Boas II is an environment that supports the configuration of proper name recognition capabilities for any language,. It is particularly useful for so-called low-density languages, for which few or no computational resources are available. The system requires no external resources or processors and only minimal development time by a speaker of the given language. It takes a pattern-matching approach to proper name recognition. Two sample elicitation screens are shown in the gallery.
Boas II follows the original Boas system in using an expectation-driven knowledge elicitation methodology. The system guides users through the process of providing language-specific information about proper names that is then used to automatically configure a proper name recognizer. Boas II places primary emphasis on names of people, but also covers names of companies, institutions, buildings, locations, geographical names and events (e.g., World War II).

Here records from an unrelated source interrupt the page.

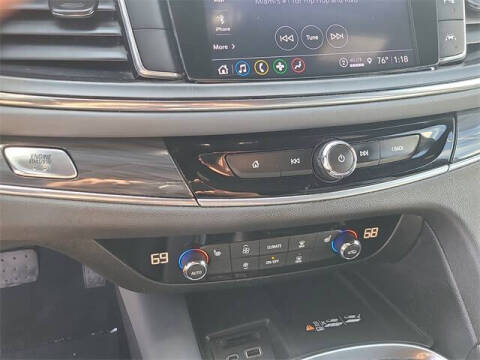 2022 Buick Enclave Essence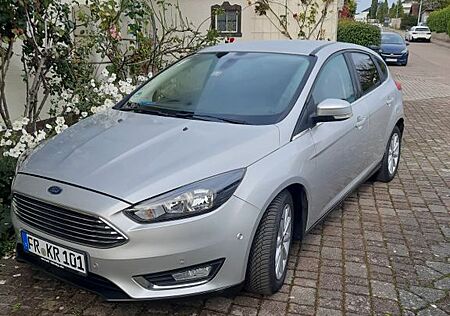 Ford Focus gebraucht kaufen Ford Focus 1,5 EcoBoost 110kW Titanium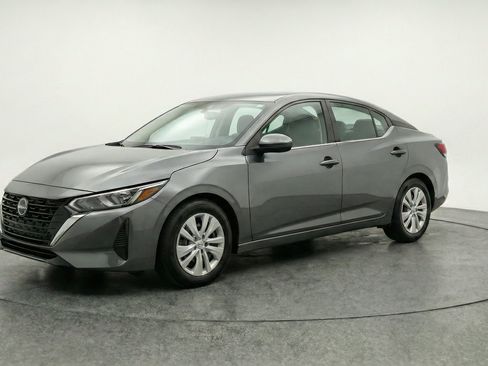 Used 2025 Nissan Sentra S FWD image 3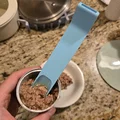 Dụng cụ 2 trong 1: Khui nắp lon và muỗng múc thức ăn cho mèo - Thumbnail 2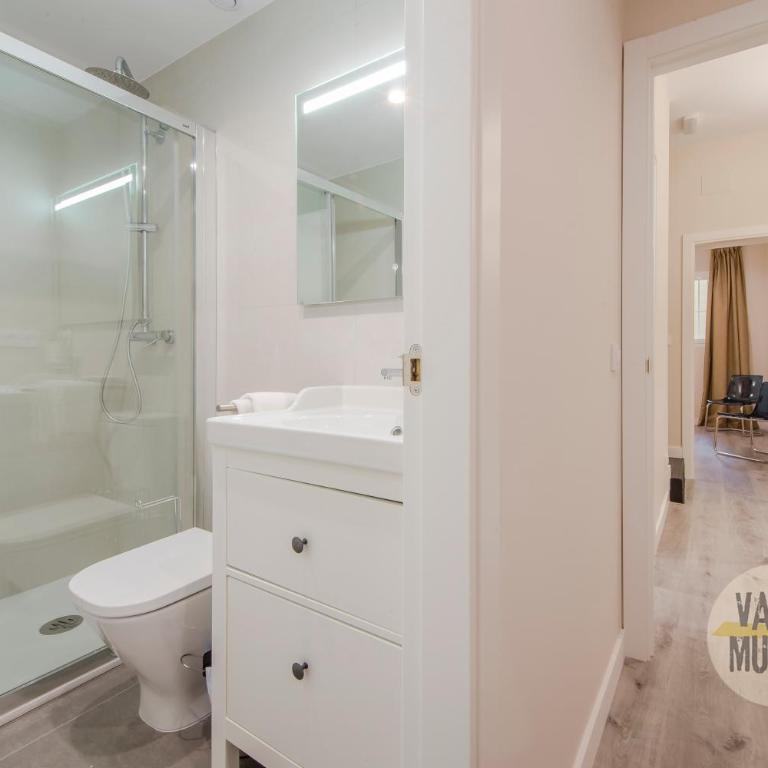 Magnífico Apartamento para 8pax en Calle Santa Ana - Three-Bedroom Apartment - 15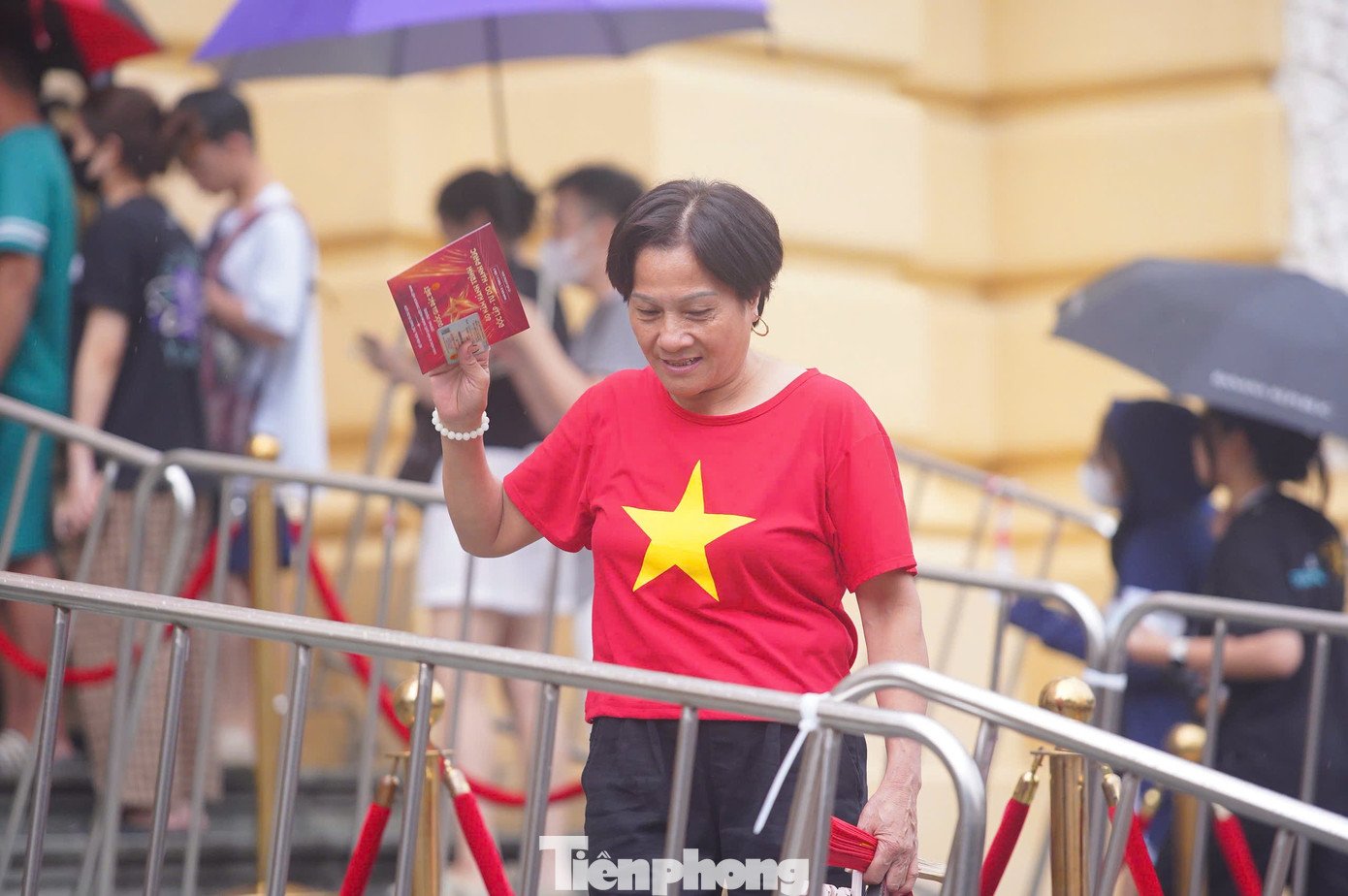 Niềm hân hoan của những người có vé được thể hiện khá rõ ràng. Ai nấy cũng vui vẻ nhận thành quả sau nhiều giờ chờ đợi mòn mỏi từ khuya đến sáng.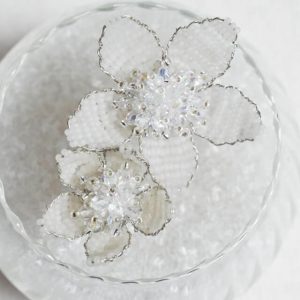 FLEUR - Perlenblumen Haarnadel Set Weiß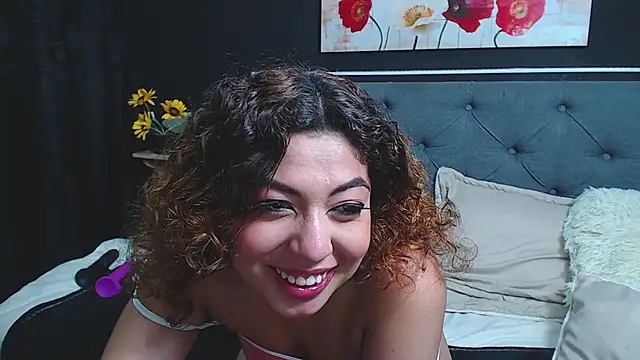 Snapshot of dulce_celeste15 chatting on December 7, 5:04 am dulce celeste15 online show from December 7, 5:04 am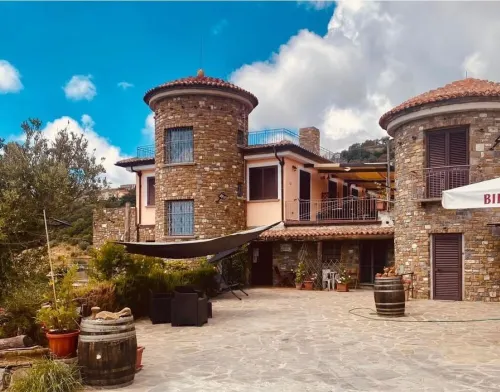 "Sea, mountains and hills - an oasis of relaxation embedded in nature Hotel a San Mauro Cilento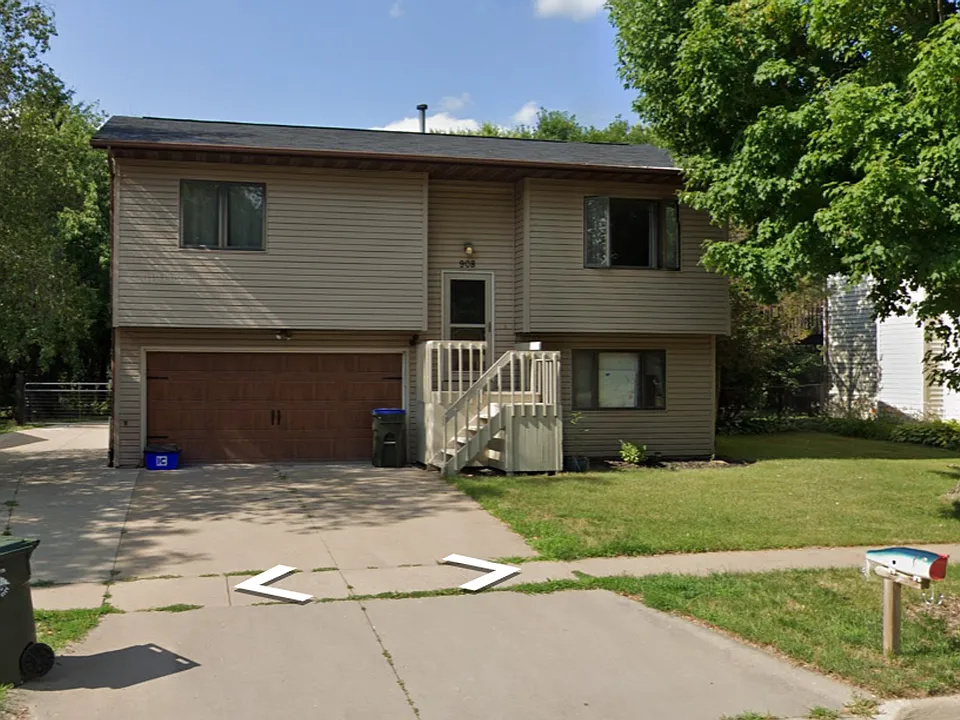 908 Sandusky Dr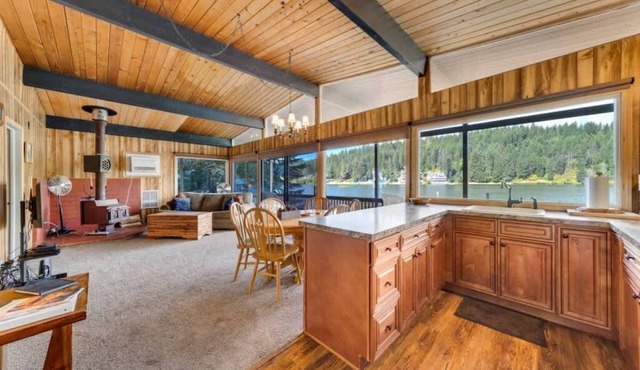 Waterfront Cabin w/Private Beach & Dock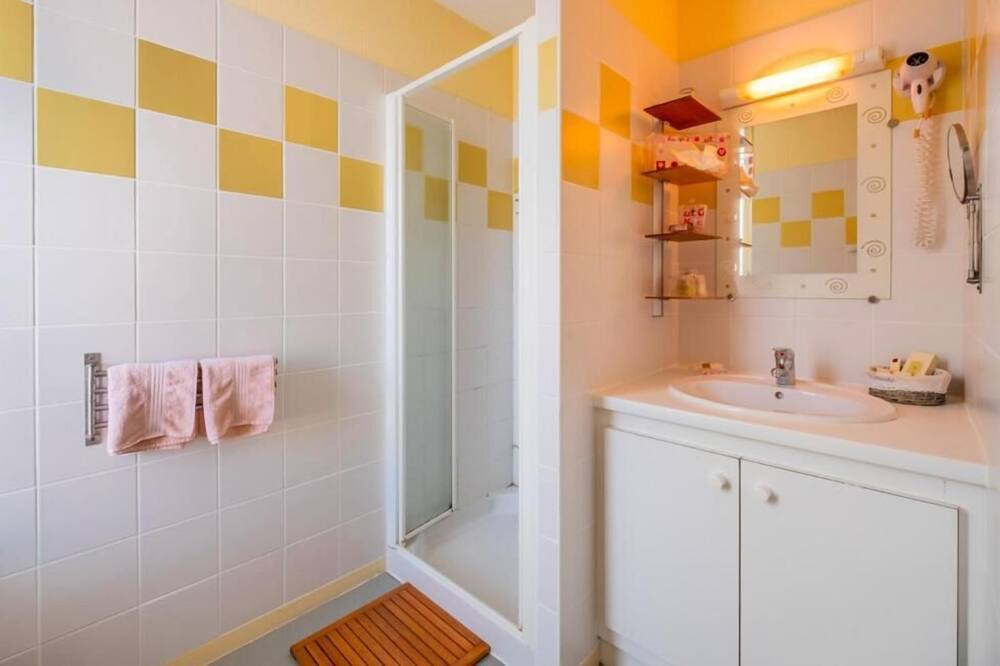 Photo of Bathroom in Meaulne-Vitray
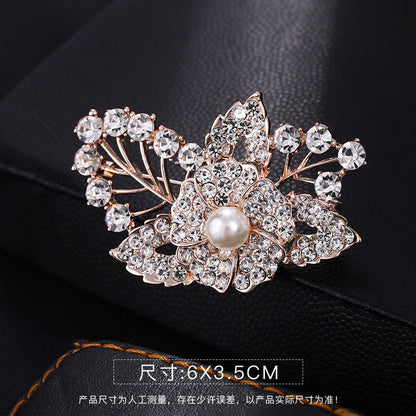 A Korean new fashion high-end brooch women's rhinestone silk scarf buckle anti-light buckle crystal brooch pin pearl jewelry - Mixbatch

An important aspect of the work is compiling inventories of named entity components (e.g., personal names, family names) by means of iterative corpus-based methods. These inventories both support higher-level corpus work and improve the overall functioning of the named entity recognizer. When a relatively small amount of information has been provided about a language, the system automatically configures a proper name recognition system, which can then be improved through iterative corpus-oriented trial and error. The important point for NLP developers involved with low- and middle-density languages is that the same system can be used for any language, and no external resources (apart from a corpus) or external processors are required.
Like Boas, Boas II was developed as a prototype system and is not distributable, though we seek the opportunity to expand it and make it so.